Al-Masih ad-Dajjal dinamai dengan al-Masih karena cepatnya ia berjalan di muka bumi. Karena sesungguhnya Allah menjadikan baginya sebagian sebab-sebab yang memungkinkan baginya untuk berjalan cepat di muka bumi, untuk mengganggu, sebagai sebab terjadinya keburukan dan fitnah. Dan dia dinamai dengan Dajal dari kata “Dajal” (dusta) dan dia berdusta. Bahwasanya Dajal, dia adalah orang yang menyampaikan kedustaan dan dia berdusta. Bahwasanya dia adalah pendusta, sampai-sampai ia mengaku bahwasanya ia adalah Allah. Manusia terfitnah karena hal ini, kecuali orang-orang yang Allah beri petunjuk. Bersamanya terdapat surga dan neraka.
Dajal memiliki mukjizat-mukjizat. Mukjizat-mukjizat tersebut adalah dari setan, bukan merupakan karamah. Allah menjadikan Dajal dengan tangan-Nya untuk menjadi fitnah dan ujian bagi hamba. Bahayanya sangat berat, untuk itu para Nabi waspada darinya. Di antara para Nabi yang paling waspada adalah Nabi kita, Muhammad shallallahu ‘alaihi wa sallam, dan beliau memerintahkan kita untuk berlindung dari fitnah Dajal dalam shalat kita di saat tasyahud akhir. Pada saat itu, kita berlindung kepada Allah dari empat hal, yaitu azab neraka, azab kubur, fitnah kehidupan dan kematian, dan dari fitnah al-Masih ad-Dajjal.
Fitnah Dajal adalah fitnah yang paling besar di muka bumi –wal ‘iyadzubillah-. Ini adalah al-Masih ad-Dajjal. Dia mengganggu kaum muslimin dengan gangguan dan ujian mereka. Apabila al-Masih Isa bin Maryam turun dari langit, maka ia akan mencari Dajal dan membunuhnya, akan membebaskan kaum muslimin darinya, menjaga perintah, menegakkan keadilan di bumi, menghancurkan salib, dan membunuh babi. Dan tidak ada agama yang tersisa, kecuali agama Islam. Nabi Isa ‘alaihissalam menghapus Yahudi, Nasrani, agama-agama kekufuran, dan tidak ada agama yang tersisa kecuali Islam. Berhukum dengan syariat Muhammad shallallahu ‘alaihi wa sallam, dan menjadi pengikutnya.

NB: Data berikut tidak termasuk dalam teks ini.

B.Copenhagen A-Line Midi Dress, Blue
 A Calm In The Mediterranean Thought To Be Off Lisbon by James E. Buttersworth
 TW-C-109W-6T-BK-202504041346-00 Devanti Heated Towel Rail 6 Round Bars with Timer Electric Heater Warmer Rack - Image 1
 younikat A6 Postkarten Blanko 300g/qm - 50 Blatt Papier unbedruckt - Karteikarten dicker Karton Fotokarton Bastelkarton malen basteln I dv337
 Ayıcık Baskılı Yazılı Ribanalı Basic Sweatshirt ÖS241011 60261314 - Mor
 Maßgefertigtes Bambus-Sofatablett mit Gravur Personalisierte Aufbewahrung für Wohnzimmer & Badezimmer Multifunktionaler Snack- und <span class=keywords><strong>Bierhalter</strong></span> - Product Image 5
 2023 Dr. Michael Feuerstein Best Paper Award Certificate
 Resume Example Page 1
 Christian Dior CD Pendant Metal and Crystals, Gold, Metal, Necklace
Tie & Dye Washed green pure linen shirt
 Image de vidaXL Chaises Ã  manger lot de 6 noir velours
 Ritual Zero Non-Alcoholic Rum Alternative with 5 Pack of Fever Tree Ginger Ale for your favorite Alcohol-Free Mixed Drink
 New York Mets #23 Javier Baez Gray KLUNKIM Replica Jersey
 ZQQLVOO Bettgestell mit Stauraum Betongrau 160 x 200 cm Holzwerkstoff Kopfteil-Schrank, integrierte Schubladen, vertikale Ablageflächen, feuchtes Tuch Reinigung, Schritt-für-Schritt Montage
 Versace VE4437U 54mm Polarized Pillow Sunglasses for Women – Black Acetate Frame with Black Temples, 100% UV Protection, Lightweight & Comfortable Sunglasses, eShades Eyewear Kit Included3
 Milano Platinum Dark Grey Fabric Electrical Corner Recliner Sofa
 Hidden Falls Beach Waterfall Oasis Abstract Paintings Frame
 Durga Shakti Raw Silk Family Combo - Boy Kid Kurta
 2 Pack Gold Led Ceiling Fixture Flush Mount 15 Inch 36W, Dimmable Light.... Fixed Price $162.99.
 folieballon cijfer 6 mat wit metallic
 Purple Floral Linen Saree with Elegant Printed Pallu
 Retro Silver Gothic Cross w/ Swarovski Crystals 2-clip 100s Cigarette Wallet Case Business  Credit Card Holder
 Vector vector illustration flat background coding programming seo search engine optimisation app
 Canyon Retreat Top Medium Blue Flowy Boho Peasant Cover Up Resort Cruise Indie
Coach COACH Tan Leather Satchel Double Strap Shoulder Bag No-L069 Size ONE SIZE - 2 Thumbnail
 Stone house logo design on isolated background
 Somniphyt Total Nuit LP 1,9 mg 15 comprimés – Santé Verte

Karena sesungguhnya tidak ada nabi setelah Nabi Muhammad shallallahu ‘alaihi wa sallam. Al-Masih yang turun menjadi pengikut Rasul shallallahu ‘alaihi wa sallam berhukum dengan syariatnya, yakni syariat Islam. Ini adalah yang terjadi ketika munculnya Dajal dan turunnya al-Masih.
Isa dinamai dengan sebutan “al-Masih” karena ia dapat menyembuhkan orang yang memiliki penyakit, maka ia menyembuhkannya dengan izin Allah. Ini adalah bagian dari mukjizatnya -‘alaihish shalatu wa sallam-, bahwasanya ia membersihkan dengan tangannya atas orang buta, yang berpenyakit kusta, dan buta sejak lahir. Beliau menghilangkan penyakitnya dengan sekali usap (al-mashu). Oleh karena itu, Nabi Isa dinamai dengan al-Masih yang bermakna pembersih.
***
Referensi :
Syarhus Sunnah, hlm. 90-91, Abu Muhammad Hasan bin Ali bin Khalaf al-Barbahari, ta’liq: Syaikh Dr. Shalih bin Fauzan bin ‘Abdullah al-Fauzan, Maktabah al-Hadi al Muhammadi, Mesir, cet. ke-1.